Pat Dylan and Bobby the Kid
Pat Garrett and Billy the Kid (1973; colonna sonora originale dell’omonimo film)
(Il disco precedente: Greatest Hits II.
Il disco successivo… si dimentica facilmente).
Oltre il fiume spareranno a vista:
lo sceriffo è già sulla tua pista.
I bounty killer ti hanno sulla lista.
Non gli gusta la tua libertà.
È un film imbottito di scene madri, ma la più famosa non è stata girata: nel buio della sala di proiezione, mentre guarda i giornalieri, il grande Sam Peckinpah, (ubriaco, una pistola carica in tasca), si rende conto che una lente è difettosa, che il lavoro di un’altra giornata va sbattuto via. Furioso, si alza, si sbottona e lascia sul telo dello schermo il suo segno – una “S” di urina. Dietro di lui, Bob Dylan si volta verso Kris Kristofferson: non dice niente, ma quello sguardo Kristofferson non lo dimentica più. Kris, ma in che pasticcio mi hai portato?
Passi notti intere, giù in Berenda,
a smazzare carte in un’hacienda,
finché trovi uno che ti stenda,
Billy, se hai bisogno, sono qua.
Un pasticcio che non si sarebbe perso per niente al mondo. Un film sul più famoso fuorilegge del west. Girato dal regista del Mucchio Selvaggio. Nei panni del protagonista l’amico Kristofferson, quel bel cantante country che qualche anno prima aveva retto i bonghi durante la registrazione di Lay Lady Lay. Talmente ghiotta era l’occasione di recitare e scrivere una colonna sonora western, che Dylan, per una volta nella sua vita, si presentò coi compiti fatti. Peckinpah, per dirla con Kristofferson, “non s’intendeva molto di musica”, insomma non aveva la minima idea di chi fosse quel trentenne ricciolino che Kristofferson gli stava presentando. Ma il tizio aveva già Billy in canna. Gliela fece sentire. Scritturato. A Billy non si resiste.

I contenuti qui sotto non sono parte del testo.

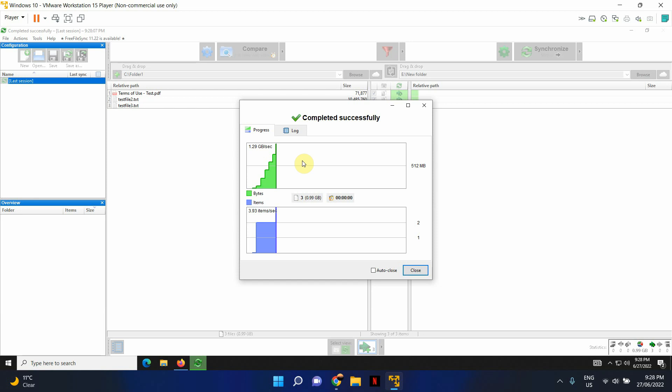And most importantly, it's open source and it's free of charge. And I think it's a great tool to have whenever you want to take a backup or whenever you want to transfer files or mirror two folders and have an exact copy of another folder somewhere as a backup.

Fai la festa a qualche señorita,
nell’ombra di una camera ti invita,
nel buio solitario lei ti guida…
Billy, a casa non ci torni più.
Voi fischiettate ogni tanto? Se vi capita, e se amate Dylan, ci siamo già capiti. Billy è l’abc, il pezzo dylaniano più fischiettabile. Si può andare avanti per giorni interi, e per milioni di variazioni sullo stesso tema triste. “Billy, you’re so far away from home“. Che ti è successo, Billy? Quale ingiustizia, quale imprudenza, ti ha portato così lontano? Quando i redattori di Mojo stilarono la classifica delle cento canzoni di Dylan, si scordarono di Billy. Sarà gente che non fischietta. Forse è un dono di natura, c’è chi ci nasce e c’è chi per capire Dylan è costretto a cercare barlumi di genio in dozzine di dischi opachi, quando basterebbe saper fischiettare Billy. Una delle melodie più semplici che abbia usato: una di quelle canzoni per cui vale la pena citare Robertson a proposito delle canzoni della Cantina: “non si capiva se fossero sue o no”.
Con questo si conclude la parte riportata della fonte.